> **Task objective**
Each line from the one holding "BOLSA MOCHILA MOSCHINO DE LADO" to the last line below must be restated word for word, and no picture may be included.

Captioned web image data
--- START ---

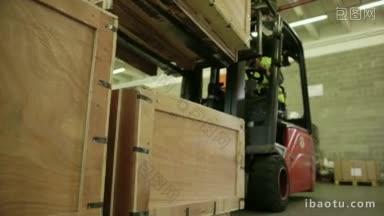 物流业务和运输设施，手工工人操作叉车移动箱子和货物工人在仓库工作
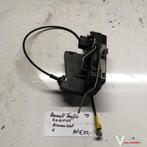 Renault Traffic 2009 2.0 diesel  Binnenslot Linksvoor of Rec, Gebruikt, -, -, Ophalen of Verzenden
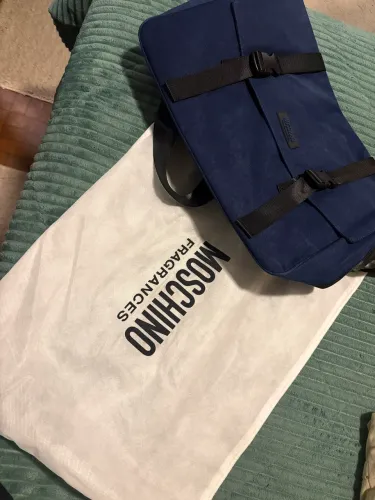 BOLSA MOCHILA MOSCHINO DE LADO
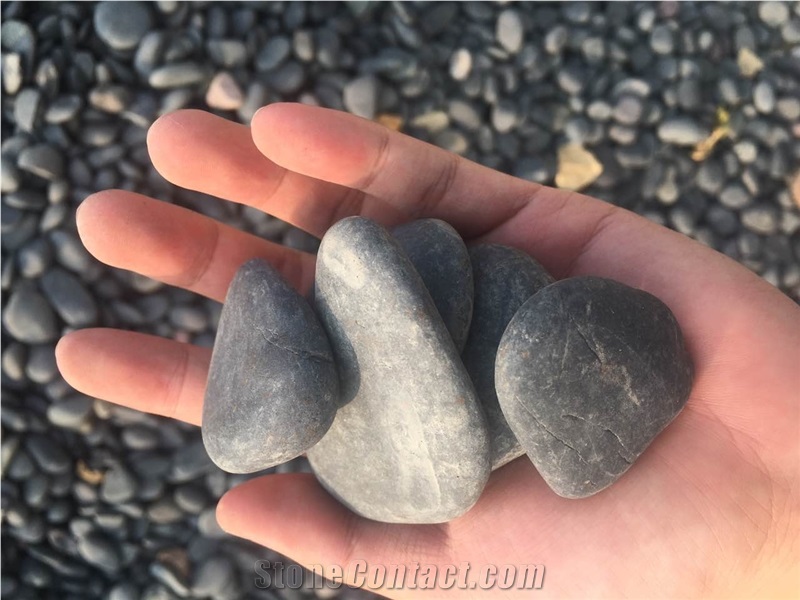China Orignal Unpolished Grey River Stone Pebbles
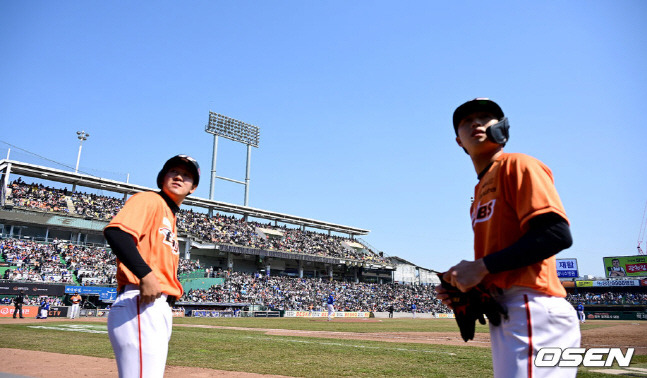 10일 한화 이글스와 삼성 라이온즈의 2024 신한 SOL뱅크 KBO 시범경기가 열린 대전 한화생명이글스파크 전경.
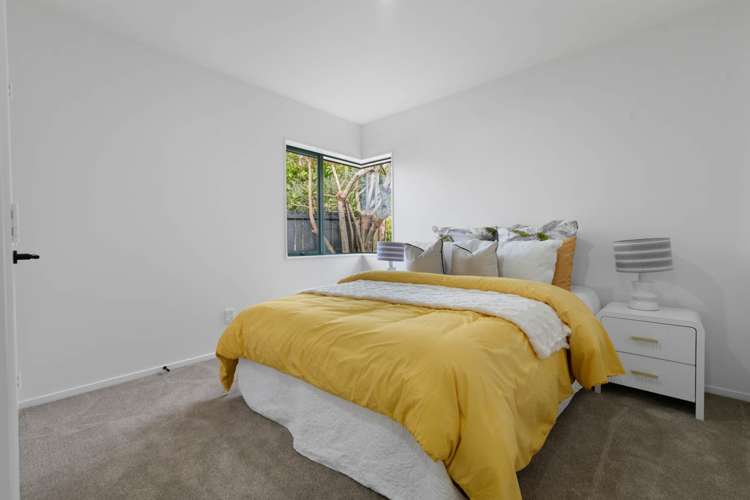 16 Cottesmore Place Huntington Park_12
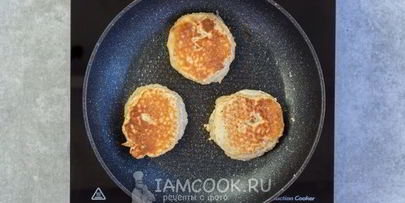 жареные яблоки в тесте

--- END ---

> **Exercise solution**
 BOLSA MOCHILA MOSCHINO DE LADO
China Orignal Unpolished Grey River Stone Pebbles
 10일 한화 이글스와 삼성 라이온즈의 2024 신한 SOL뱅크 KBO 시범경기가 열린 대전 한화생명이글스파크 전경.
 16 Cottesmore Place Huntington Park_12
 жареные яблоки в тесте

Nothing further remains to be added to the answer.